The results of this study suggest that other solanaceous plants, such as the ubiquitous common nightshade (Solanum dulcamara) are also potential hosts even though others in the same family are not (e.g. tobacco, Nicotiana rustica). Common nightshade may be a host, but this is uncertain: no females reared on it laid eggs, and not enough sampling was done to determine whether the complete loss of female fecundity when reared on nightshade extends to the natural condition. This leaves open the question whether there are any native or escaped plants in Canada that are suitable alternate hosts. In cultivated areas, it is likely that sufficient hosts exist.
Tuta absoluta is a regulated pest for Canada of great concern due to challenges with eradication from greenhouses that continually produce solanaceous crops.
SOURCE: Bawin, T., Dujeu, D., de Backer, L., Francis, F. and Verheggen, F. J. (2016) Ability of Tuta absoluta (Lepidoptera: Gelechiidae) to develop on alternative host plant species. Canadian Entomologist 148(4):434-442.
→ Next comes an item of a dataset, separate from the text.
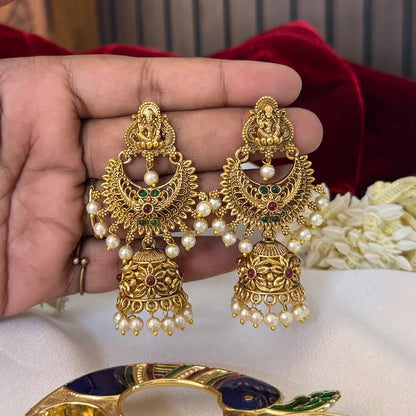 Chandrika Kemp Stone premium antique gold temple earrings featuring leaf shaped goddess lakshmi studs a crescent chandbali medallion frame with red and green stones and an engraved dome jhumka cup with a dense white seed pearl fringe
New tools for monitoring e-commerce trade in invasive plants
Global internet trade (e-commerce) is increasingly recognized as a major pathway for the introduction of non-native plant species to new areas. Online trade offers easy shopping for consumers and new market opportunities for sellers; horticultural enthusiasts now have access to a wide range of plant species from a global network of suppliers in a competitive virtual marketplace that is very difficult to monitor and often bypasses border controls and plant health regulations. Several organizations are developing new software and automated search algorithms to improve their ability to monitor e-commerce in plants and plant products.
In 2015 a group of Swiss researchers developed a software tool that systematically downloaded information on internet offers of over 150,000 pre-defined plant species on eBay.com. They found 2625 species offered for sale during a 50 day search, of which 510 were identified as invasive species. Of the 100 most frequently offered species (many offered on a daily basis), a major proportion were ornamentals (64%), sometimes in combination with other uses (e.g., medicinal), and almost half were invasive species (41%). Offers originated from 65 different countries, with most vendors offering to ship anywhere in the world.
This study focussed on one site representing a small fraction of the total internet trade in invasive plants, and showed that international horticultural e-commerce is not yet effectively regulated.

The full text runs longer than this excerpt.